Sir Kier Starmer’s speech on Monday morning painted an almost apocalyptic picture of the future of his country, were he to be ousted from the Prime Ministership. He said “our country will go down a dark path”. Referencing the gains by Reform UK and the Greens, he stated that Labour is “battling the despair upon which they prey”. “Change cannot come quick enough”. “People need hope”. “Incremental change won’t cut it”.

Starmer described “a battle for the soul of our nation”. There’s the rub. He is Prime Minister of a multi-national country. There was no focus on Scotland, Wales nor Northern Ireland. Indeed, England wasn’t referenced. It didn’t need to be: for Keir Starmer and the Labour bigwigs, Englishness and Britishness appear interchangeable. This was a speech by a decent Englishman which had no resonance for the non-English UK nations.

The election results have seen the annihilation of the old British unionist parties in Wales and Scotland. Together, the Labour and Conservative parties won 22% of Scottish seats, and 17% of Welsh seats. (Remember that, unlike the English-local or Westminster elections, the Scottish and Welsh electoral systems are proportional.) Nothing like this has been seen before, electorally.

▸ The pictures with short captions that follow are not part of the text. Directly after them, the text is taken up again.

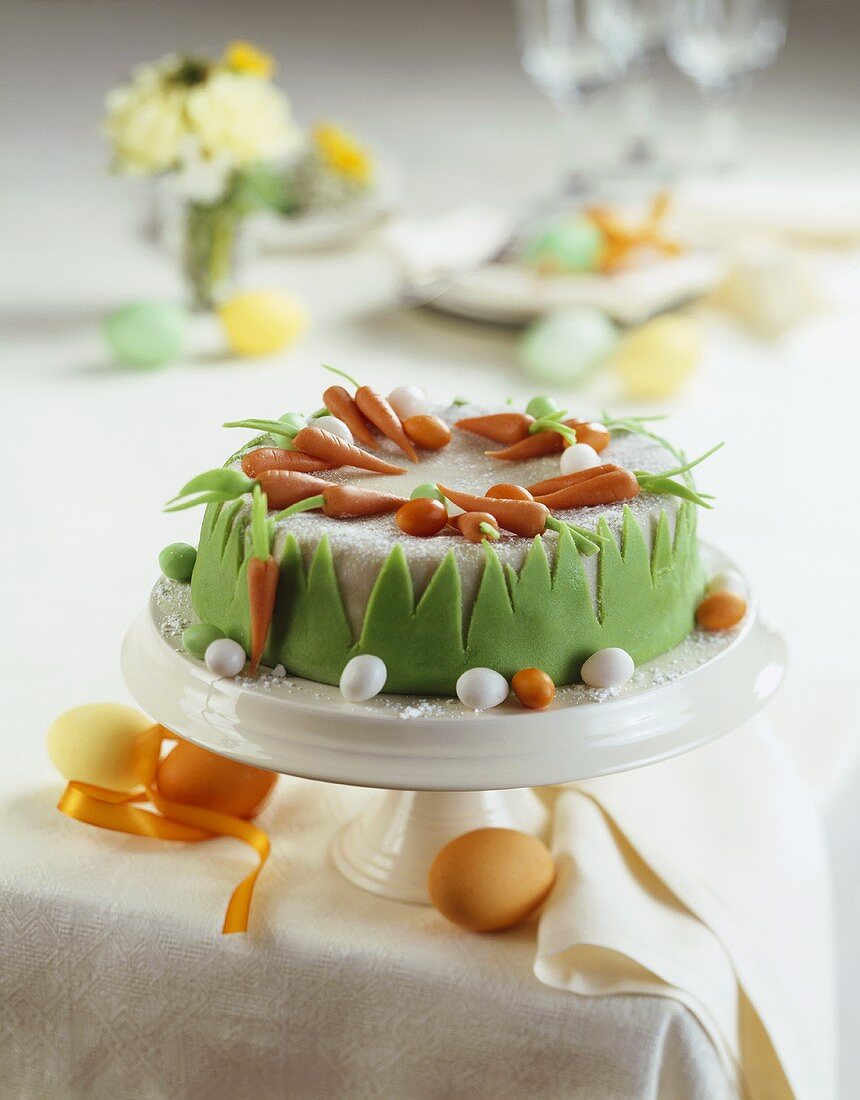 A carrot cake on a table laid for Easter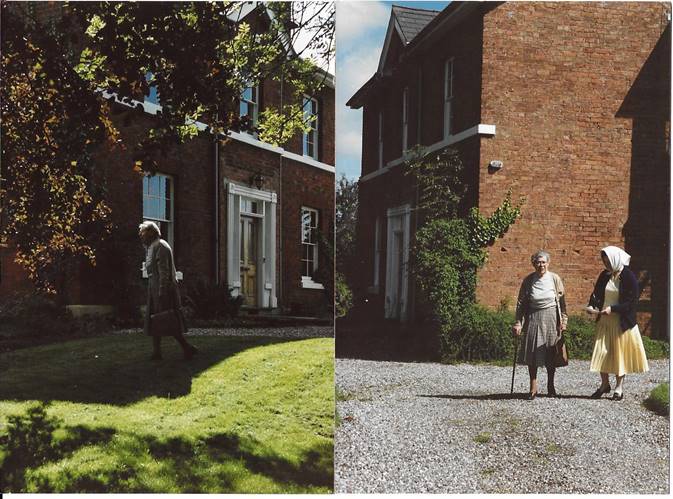 A couple of people walking in front of a brick building

Description automatically generated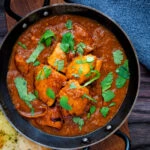 Overhead chicken rogan josh curry served in an iron karai with a naan bread.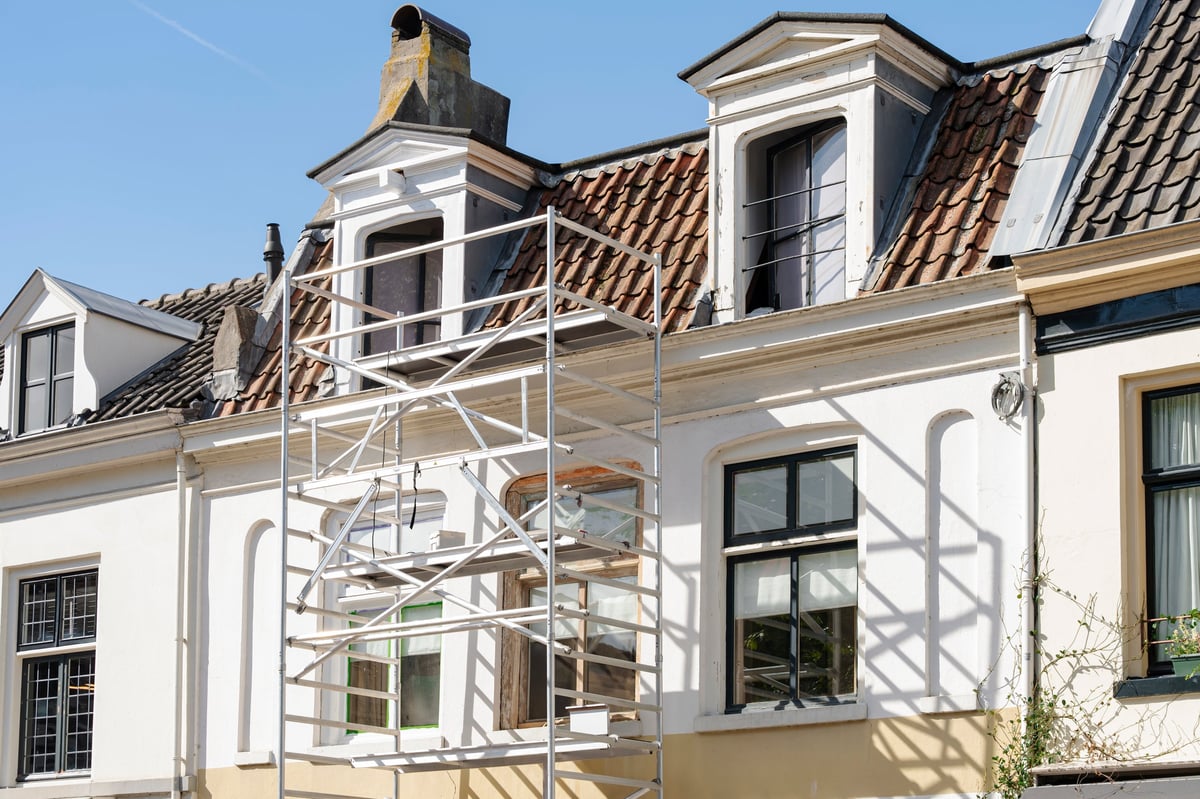 Scaffolding erected against a building for maintenance
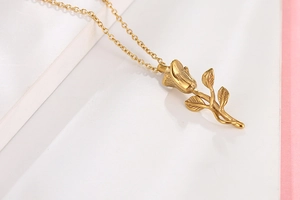 Détail macro du pendentif rose dorée avec pétales texturés et chaîne délicate assortie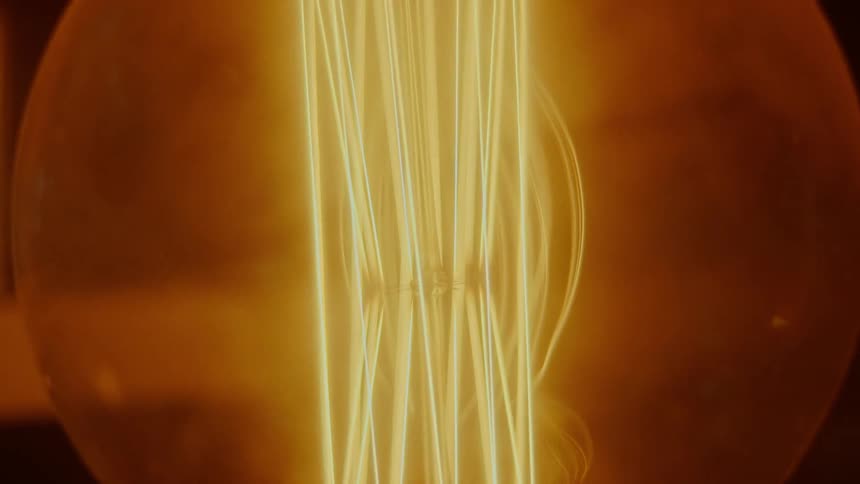 A light bulb glows orange and yellow against black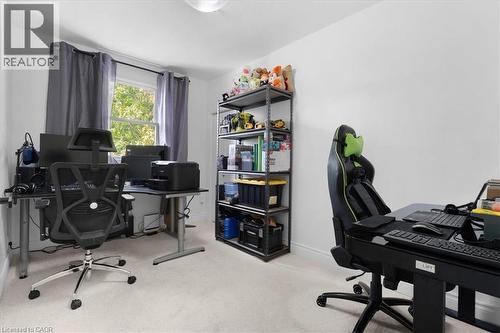 Room featuring light-toned carpeting, white wall finishes, and a single window with dark drapery - 133 Frederick Avenue, Hamilton, ON - Indoor Photo Showing Office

These two old parties are sclerotic. They cannot imagine a British government that doesn’t include one of them. They are majoritarian by nature. They won’t trust the people of the UK with a proportional electoral system, believing themselves above the people. They see nothing wrong with a party that gains one-third of the vote winning two-thirds of the seats, as happened in 2024. Their hubris will result in a farrago of Faragistas running the UK into the ground and the departure of Scotland and, possibly, Wales. (Politico poll of polls currently has Scottish independence running at 51% – 46% in favour of independence, the second-highest margin since the 2014 referendum.)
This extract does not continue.